The British Orienteering Federation Limited, generally known and branded as British Orienteering, is the national sports governing body for the sport of orienteering in the United Kingdom.

The federation was founded in June 1967, and is a member of the IOF.

History

History of Orienteering in UK before the BOF 
Orienteering was introduced to the UK in the 1950s and was heavily supported by renowned Olympians including John Disley and Chris Brasher. The early years were helped by orienteers from Sweden: in 1962 Baron 'Rak' Largerfelt of the Stockholm Orienteering Club came to Scotland to help develop the sport. This culminated in the first championship being held in May 1962 at Dunkeld, and the formation of the Scottish Orienteering Association.

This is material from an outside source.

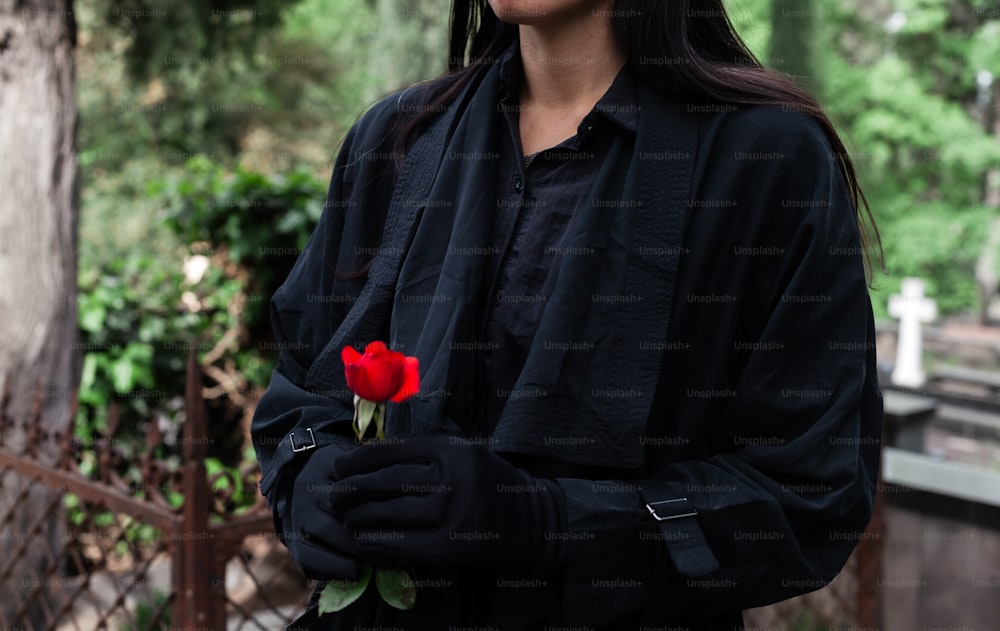 eine Frau in einer schwarzen Jacke, die eine rote Rose in der Hand hält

Later visitors from Sweden included Jan Kjellström, a son of Silva compass founder Alvar Kjellström. Kjellström played an important role in the development of the sport and helped to accelerate developments in orienteering competition, mapping and coaching. Kjellström died in a road accident early in the year of 1967.
1967 saw the first Jan Kjellström International Festival of Orienteering or "JK", held in memory of Kjellström. Later that year the British Orienteering Federation was formed by the amalgamation of the English and Scottish Associations leading to the first British Orienteering Championships held at Hamsterley Forest.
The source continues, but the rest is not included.